L’obtention du certificat SIPAM date du 15 juin. En effet, cette certification dont le laborieux processus a été appuyé et accompagné par le Programme des Nations unies pour le développement (PNUD) en partenariat avec l’Agence de protection et l’aménagement du littoral (APAL), le ministère de l’Environnement, et l’union locale de l’agriculture et de la pêche à Ghar el melh contribue à atteindre les objectifs de développement durable (ODD).
Intervenant dans le cadre de l’événement, le ministre de l’Environnement affirme que la Tunisie dispose d’une diversité et richesse biologie. Pour le moment, 7500 plantes, animaux et poissons ont été recensés.
Cependant, le ministre regrette que cet héritage biologique soit confronté à plusieurs types de pression naturelle et humaine.

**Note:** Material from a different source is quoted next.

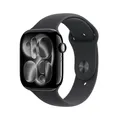 Produktbild: Apple Watch Series 11 GPS 46mm M/L MEUX4ZR/A Aluminiumgehäuse Schwarz Sportarmband Schwarz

D’ailleurs, cette pression a causé la perte de plusieurs espèces et éléments de la biodiversité.
Le ministre affirme, également, que cette consécration pourrait promouvoir une bonne image de la destination Tunisie.
Il s’agit d’une démarche qui sera entamée en collaboration avec le ministère des Affaires culturelles et le ministère du Tourisme. Pour lui, ceci pourrait contribuer à diversifier l’offre touristique en Tunisie.
Rôle primordial du PNUD
De son côté, la représentante résidente adjointe du PNUD Alissar Chaker est revenu sur le rôle du PNUD dans l’accomplissement de cette réalisation. Et ce, dans une déclaration à leconomistemaghrébin.com.
Elle affirme que cette activité fait partie d’un plus grand projet qui porte sur le renforcement de la résilience côtière qui est de 5,5 millions de dollars financé par le Programme mondial de l’environnement (JEF).
Et d’affirmer que le PNUD a accompagné les agriculteurs tunisiens pour les sensibiliser à l’importance de cette certification.
D’ailleurs, le PNUD a mené plus de 10 consultations afin de définir l’ingéniosité de ce système. Et ce, à travers la préparation d’un dossier bien argumenté soumis à la FAO. Et pour préparer des documentations et des études sur ce système pour le valoriser.